Two other chemicals, tri-butylphosphate and polysorbate 80, then become part of the “chemical soup” of the vaccine. Tri-butylphosphate, a detergent and polysorbate 80, also known as Tween80?, is an emulsifier. Both are used to disrupt the surface of the virus, making the (H) and (N) antigens more accessible to the immune system. Polysorbate 80 is also found in ice creams and other “fake foods.” Resin is added to ostensibly eliminate “substantial portions” of these chemicals, but undoubtedly, residuals of these chemicals remain in the vaccine when injected.

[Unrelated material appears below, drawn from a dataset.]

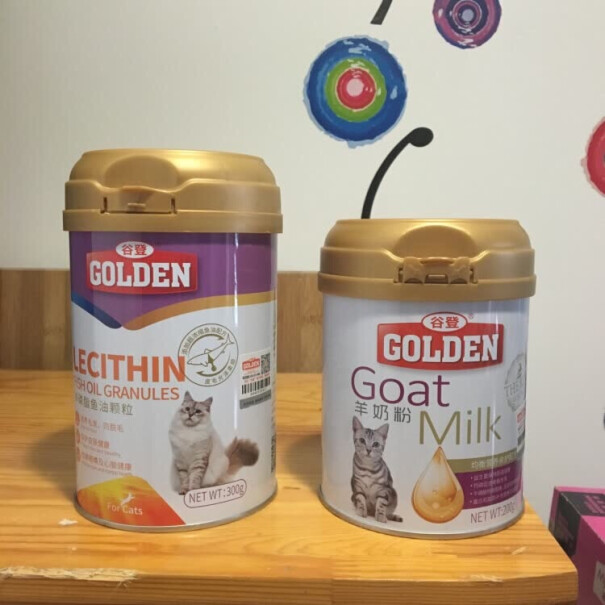 奶粉谷登GOLDEN羊奶粉猫用幼小宠物猫咪羊奶粉冰箱评测质量怎么样！测评结果震惊你！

By the time the flu shot is ready for packaging, the solution contains the following: various egg proteins, Triton-X100, formaldehyde, resin, gelatin, tri-butylphosphate, polysorbate 80, and in some instances gentamicin. To preserve this chemical brew, in doses of up to 25 micrograms thimerosal (a mercury derivative) is still added to many of the shots. After detailing this vivid description of the manufacture of the influenza vaccine, the thought of injecting this into your body—or the body of your baby—should be repugnant. |
For those not repulsed by the idea of injecting the above solution into your body, perhaps knowing that the vaccine won’t prevent you from getting the flu will add to your perspective.
A report released by the Cochrane Collaboration in January 2006 concluded that there was no evidence that injecting children six to 23 months of age with the influenza vaccine was any more effective than a placebo. After a review of 51 studies involving more than 260,000 children, including 17 papers translated from Russian, the co-author of the study and coordinator of the Rome-based Cochrane Vaccine Project, Dr. Thomas Jefferson, concluded that mandates to vaccinate babies is based on very little evidence. Furthermore, the reviewers found no evidence to back claims that vaccines prevent deaths from influenza or other serious complications in this age group. As for “safety studies,” there aren’t any. “We were astonished to find only one safety study of inactivated vaccine in children under two years; that was carried out nearly 30 years ago and only in 35 children,” stated the review author. Dr. Jefferson went on to strongly chide the governments of Canada and the U.S. for their mass vaccination policies stating, “Research should be done before anybody makes a decision, not afterward. Otherwise, you’re in the business of experimenting with your population.” Also released in January 2006 by the Cochrane Collaboration was a report that determined the results for vaccinating healthy adults were equally as dismal. Twenty-five reports of studies involving nearly 60,000 people were included. Overall, vaccination reduced the risk of influenza by only 6 percent and reduced the number of missed work days by less than one day (0.16 days.) The reviewers concluded that universal immunization of healthy adults was not supported by the results of this review. The Cochrane Collaboration is the same organization that concluded the effectiveness of flu shots, particularly in the elderly, was “wildly overstated,” as reported in The New York Times on September 21, 2005. Let’s see, the flu shot is not effective in babies, its effectiveness in the elderly is “wildly overstated,” and is not recommended for healthy adults. By any measure, that is just about everyone.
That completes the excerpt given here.